I am particularly happy because an important part of this essay confirms the timing hypothesis of social change, which I formulated in my own recent essay on “Russia and the next long wave”
In this essay, continuing in the tradition of Kondratieff, Schumpeter and as updated by Carlota Perez, we posit long waves of economic development characterized by a productive upswing, followed by a laisser-faire wave of financialization which ends in Sudden Systemic Shock. (Kondratieff 6 ended with the meltdown of 2008).
This means that the next long wave will be necessarily constructed on a new set of energy inputs, financial and property forms, social contracts, etc …

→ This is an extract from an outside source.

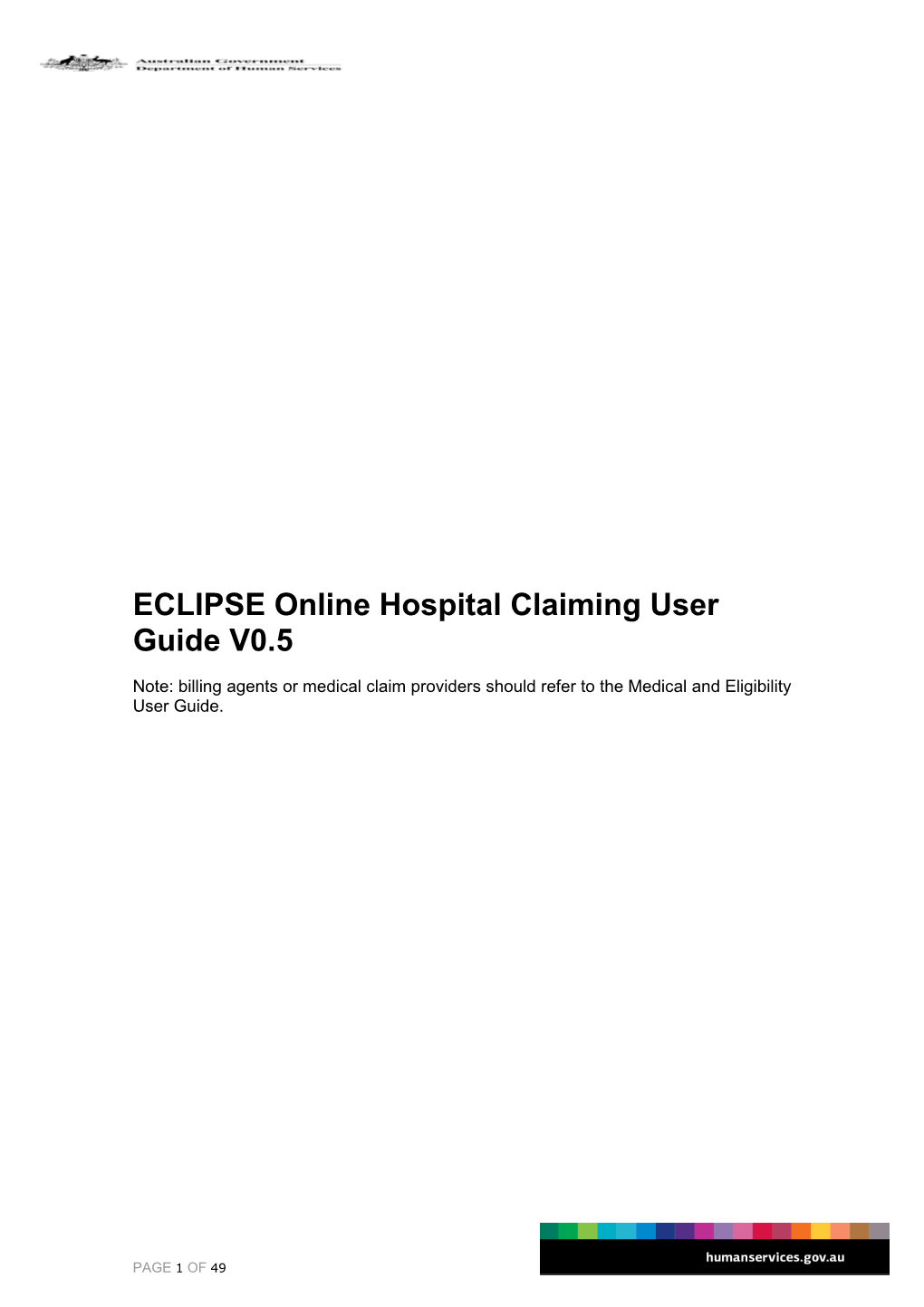 ECLIPSE Online Hospital Claiming User Guide V0.5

An important aspect of this contract is how we interact as employees within the firm, and here the essay offers a complementary timeline. While the organisational intra-corporate effects show a characteristic delay, the end result is complementary in the expectation that the current phase of control based on business process re-engineering and outsourcing, will be followed by a renewed focus on democratic employee involvement, through the specific format of ‘collaborative community’.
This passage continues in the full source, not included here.